ATTRIBUTE INFORMATION:
- There are 30,000 observations.
- The binary variable, default_payment_next_month (Yes=2, No=1) is the response variable.
- There are 23 explanatory variables:
- LIMIT_BAL: Amount of the given credit (dollar): it includes both the individual consumer credit and his/her family (supplementary) credit.
- SEX: (1 = male; 2 = female).
- EDUCATION : (1 = graduate school; 2 = university; 3 = high school; 4 = others).

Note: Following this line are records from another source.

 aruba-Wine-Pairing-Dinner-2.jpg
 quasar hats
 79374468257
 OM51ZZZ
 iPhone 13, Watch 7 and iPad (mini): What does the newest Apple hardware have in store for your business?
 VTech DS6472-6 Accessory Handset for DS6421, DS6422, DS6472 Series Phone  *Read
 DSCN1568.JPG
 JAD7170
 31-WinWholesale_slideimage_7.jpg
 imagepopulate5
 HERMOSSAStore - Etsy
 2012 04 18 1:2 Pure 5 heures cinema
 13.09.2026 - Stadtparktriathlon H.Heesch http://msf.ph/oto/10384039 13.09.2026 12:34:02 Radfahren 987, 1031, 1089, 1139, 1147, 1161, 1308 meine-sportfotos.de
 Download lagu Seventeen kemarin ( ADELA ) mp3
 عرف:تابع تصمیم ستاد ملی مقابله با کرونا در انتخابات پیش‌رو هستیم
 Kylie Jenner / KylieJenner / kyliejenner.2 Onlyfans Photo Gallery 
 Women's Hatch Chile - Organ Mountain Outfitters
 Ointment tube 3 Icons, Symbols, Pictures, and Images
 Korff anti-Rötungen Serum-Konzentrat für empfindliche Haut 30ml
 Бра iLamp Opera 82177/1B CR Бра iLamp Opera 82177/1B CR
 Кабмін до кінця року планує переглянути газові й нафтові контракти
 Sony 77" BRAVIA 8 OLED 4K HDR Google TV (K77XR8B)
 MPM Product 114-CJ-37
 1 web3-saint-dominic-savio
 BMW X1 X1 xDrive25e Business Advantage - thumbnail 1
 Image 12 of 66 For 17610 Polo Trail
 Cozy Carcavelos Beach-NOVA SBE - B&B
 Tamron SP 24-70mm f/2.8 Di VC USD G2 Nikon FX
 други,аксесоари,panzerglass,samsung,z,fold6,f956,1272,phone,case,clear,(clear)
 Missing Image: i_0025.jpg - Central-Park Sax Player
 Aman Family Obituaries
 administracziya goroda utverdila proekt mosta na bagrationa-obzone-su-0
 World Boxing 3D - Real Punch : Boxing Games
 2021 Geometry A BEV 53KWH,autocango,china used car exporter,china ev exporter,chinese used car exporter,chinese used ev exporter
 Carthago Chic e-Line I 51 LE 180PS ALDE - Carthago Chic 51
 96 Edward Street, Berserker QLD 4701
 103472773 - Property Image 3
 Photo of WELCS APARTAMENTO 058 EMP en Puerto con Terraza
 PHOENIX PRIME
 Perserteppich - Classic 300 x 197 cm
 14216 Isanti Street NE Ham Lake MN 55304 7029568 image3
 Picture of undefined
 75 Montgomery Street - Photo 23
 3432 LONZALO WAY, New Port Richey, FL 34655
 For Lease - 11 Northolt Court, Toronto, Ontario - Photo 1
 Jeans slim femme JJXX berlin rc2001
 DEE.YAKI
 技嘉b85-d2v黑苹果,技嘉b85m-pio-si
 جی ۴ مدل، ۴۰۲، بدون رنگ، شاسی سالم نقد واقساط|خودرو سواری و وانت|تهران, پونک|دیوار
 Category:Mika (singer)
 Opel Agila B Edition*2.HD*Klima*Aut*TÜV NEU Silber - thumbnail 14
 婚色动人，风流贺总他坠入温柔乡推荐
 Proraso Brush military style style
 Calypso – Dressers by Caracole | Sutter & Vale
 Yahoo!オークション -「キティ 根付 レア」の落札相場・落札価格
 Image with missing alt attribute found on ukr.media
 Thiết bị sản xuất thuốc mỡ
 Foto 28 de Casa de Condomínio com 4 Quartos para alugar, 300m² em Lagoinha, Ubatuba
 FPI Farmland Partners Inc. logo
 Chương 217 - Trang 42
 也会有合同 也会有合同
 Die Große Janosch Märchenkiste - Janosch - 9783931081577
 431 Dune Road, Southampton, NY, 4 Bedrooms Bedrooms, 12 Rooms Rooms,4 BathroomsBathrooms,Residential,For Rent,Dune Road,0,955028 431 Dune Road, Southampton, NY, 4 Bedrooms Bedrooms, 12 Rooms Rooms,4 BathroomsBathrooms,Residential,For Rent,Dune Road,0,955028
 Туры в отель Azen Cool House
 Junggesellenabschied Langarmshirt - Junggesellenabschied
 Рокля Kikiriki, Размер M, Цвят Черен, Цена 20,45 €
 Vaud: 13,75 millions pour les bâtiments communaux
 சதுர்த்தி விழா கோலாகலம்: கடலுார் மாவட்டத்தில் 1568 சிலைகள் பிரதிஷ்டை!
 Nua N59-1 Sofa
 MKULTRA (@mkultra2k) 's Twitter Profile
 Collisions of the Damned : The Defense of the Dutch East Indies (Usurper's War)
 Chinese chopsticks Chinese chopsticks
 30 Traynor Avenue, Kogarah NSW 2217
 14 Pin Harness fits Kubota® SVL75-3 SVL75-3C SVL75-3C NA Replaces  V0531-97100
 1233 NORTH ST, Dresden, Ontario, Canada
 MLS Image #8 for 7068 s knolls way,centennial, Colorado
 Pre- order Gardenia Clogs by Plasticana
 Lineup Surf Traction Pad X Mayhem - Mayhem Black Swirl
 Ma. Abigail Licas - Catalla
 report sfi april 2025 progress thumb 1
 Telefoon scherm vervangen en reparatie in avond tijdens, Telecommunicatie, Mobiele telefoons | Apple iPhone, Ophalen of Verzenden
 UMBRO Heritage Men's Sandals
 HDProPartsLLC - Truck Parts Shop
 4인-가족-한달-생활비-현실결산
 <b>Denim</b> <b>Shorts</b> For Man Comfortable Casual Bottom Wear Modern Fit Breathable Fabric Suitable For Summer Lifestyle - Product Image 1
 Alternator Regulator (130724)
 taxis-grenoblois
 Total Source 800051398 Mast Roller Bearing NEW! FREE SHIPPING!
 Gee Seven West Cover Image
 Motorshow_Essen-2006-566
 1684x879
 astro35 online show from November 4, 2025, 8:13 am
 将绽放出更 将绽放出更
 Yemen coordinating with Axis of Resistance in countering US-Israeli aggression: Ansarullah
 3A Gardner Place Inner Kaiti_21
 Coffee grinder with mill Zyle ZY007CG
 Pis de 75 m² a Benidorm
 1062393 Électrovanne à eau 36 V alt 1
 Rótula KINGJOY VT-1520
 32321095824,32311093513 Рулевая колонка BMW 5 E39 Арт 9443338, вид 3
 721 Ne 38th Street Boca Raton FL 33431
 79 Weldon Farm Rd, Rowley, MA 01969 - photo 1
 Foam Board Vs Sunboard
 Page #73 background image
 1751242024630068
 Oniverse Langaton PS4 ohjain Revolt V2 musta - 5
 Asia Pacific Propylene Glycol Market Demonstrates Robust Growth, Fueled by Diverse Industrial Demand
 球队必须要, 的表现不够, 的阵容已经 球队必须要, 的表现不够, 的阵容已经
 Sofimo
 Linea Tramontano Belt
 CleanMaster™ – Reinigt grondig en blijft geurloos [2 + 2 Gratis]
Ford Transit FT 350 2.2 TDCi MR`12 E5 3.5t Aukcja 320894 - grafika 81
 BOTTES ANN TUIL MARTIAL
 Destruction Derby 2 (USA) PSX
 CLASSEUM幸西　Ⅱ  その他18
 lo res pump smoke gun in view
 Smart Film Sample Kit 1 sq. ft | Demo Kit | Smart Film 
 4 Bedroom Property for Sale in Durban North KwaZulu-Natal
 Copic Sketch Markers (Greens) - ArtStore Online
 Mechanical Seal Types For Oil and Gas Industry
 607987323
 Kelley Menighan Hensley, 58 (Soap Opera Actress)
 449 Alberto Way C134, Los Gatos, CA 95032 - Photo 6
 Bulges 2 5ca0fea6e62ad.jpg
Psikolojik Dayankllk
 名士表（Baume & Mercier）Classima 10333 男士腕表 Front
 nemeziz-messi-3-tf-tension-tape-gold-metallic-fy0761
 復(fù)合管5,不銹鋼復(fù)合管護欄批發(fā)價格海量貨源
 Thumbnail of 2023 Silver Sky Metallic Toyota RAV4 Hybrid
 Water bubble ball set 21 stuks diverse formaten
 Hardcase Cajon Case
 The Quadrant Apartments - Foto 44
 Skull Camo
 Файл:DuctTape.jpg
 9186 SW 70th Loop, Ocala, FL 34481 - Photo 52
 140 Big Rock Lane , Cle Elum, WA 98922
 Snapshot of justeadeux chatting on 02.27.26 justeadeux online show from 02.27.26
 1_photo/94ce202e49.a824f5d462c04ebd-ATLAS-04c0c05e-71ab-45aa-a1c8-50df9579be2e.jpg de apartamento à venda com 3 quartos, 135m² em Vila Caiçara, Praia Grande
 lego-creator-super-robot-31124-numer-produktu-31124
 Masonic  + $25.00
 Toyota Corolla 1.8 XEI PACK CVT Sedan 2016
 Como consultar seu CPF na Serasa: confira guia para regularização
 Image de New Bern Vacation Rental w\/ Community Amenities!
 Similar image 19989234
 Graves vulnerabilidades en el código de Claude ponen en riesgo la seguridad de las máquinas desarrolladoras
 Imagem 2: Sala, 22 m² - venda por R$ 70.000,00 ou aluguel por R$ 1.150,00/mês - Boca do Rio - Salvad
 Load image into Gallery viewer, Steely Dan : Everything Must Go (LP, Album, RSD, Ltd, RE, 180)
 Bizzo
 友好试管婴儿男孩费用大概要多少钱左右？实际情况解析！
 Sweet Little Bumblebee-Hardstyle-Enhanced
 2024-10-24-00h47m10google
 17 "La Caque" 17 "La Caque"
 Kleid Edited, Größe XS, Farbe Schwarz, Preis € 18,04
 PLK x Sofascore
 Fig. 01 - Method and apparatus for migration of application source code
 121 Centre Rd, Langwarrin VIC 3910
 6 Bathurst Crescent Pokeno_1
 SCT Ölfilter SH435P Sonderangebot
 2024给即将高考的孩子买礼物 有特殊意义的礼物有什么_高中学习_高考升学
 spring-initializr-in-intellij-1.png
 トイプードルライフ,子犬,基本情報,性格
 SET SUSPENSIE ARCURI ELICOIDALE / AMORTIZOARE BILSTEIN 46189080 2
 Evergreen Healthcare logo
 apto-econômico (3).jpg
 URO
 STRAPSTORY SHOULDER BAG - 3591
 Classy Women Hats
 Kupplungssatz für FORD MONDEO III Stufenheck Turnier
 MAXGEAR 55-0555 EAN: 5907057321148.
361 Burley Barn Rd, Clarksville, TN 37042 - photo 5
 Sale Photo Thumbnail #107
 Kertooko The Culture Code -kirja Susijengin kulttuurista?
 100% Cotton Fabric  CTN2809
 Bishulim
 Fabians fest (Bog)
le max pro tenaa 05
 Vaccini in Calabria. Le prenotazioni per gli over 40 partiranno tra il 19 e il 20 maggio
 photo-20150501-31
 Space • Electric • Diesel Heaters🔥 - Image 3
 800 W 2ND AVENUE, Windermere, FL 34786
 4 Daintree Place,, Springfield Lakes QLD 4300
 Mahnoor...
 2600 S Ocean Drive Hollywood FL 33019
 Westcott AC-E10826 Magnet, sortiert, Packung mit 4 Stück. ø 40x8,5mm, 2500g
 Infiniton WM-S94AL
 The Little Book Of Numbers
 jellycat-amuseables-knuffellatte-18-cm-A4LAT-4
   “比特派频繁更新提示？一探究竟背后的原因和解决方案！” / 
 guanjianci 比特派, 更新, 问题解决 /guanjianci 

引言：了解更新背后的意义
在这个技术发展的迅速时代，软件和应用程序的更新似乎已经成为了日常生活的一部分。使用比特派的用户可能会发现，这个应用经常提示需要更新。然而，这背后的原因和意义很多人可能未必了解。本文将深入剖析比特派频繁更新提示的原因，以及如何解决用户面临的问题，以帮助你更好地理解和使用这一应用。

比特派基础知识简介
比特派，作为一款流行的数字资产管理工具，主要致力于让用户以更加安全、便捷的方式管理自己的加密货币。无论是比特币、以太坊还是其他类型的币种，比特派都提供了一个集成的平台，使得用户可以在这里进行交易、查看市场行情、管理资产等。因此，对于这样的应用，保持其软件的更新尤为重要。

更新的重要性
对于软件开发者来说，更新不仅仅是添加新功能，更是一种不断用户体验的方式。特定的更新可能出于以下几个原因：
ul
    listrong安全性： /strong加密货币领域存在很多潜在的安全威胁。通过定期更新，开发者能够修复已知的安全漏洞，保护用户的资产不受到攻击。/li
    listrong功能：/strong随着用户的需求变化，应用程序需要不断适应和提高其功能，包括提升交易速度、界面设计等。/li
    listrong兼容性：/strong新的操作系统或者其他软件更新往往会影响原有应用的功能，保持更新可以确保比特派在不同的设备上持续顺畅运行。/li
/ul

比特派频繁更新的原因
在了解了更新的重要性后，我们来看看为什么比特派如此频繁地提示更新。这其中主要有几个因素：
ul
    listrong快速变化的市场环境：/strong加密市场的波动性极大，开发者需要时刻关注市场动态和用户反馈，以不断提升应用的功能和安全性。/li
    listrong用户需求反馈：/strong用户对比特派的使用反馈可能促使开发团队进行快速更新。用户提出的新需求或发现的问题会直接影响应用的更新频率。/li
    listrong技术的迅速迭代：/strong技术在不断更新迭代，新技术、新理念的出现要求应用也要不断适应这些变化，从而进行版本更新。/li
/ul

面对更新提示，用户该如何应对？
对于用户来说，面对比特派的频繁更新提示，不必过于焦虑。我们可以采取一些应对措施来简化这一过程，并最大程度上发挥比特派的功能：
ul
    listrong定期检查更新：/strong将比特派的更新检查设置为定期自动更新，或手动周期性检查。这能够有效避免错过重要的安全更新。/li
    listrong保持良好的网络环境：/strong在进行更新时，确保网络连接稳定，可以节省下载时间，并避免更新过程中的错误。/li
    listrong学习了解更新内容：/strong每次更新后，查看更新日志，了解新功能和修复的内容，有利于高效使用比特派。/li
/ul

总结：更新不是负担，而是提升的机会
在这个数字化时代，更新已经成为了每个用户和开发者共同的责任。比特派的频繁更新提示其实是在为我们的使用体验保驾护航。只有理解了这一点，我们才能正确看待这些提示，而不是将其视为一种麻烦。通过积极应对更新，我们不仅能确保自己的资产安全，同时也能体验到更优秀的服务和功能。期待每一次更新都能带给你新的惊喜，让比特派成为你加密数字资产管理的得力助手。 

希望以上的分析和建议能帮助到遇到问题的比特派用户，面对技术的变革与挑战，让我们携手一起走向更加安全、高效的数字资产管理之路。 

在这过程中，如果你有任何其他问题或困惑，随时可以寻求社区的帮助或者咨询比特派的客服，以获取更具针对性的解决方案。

- MARRIAGE: (1 = married; 2 = single; 3 = others).
- AGE: (year).
- History of past payment: REPAY_SEP, REPAY_AUG, REPAY_JUL, REPAY_JUN, REPAY_MAY, REPAY_APR. The measurement scale for the repayment status is: -1 = pay duly; 1 = payment delay for one month; 2 = payment delay for two months; . . .; 8 = payment delay for eight months; 9 = payment delay for nine months and above.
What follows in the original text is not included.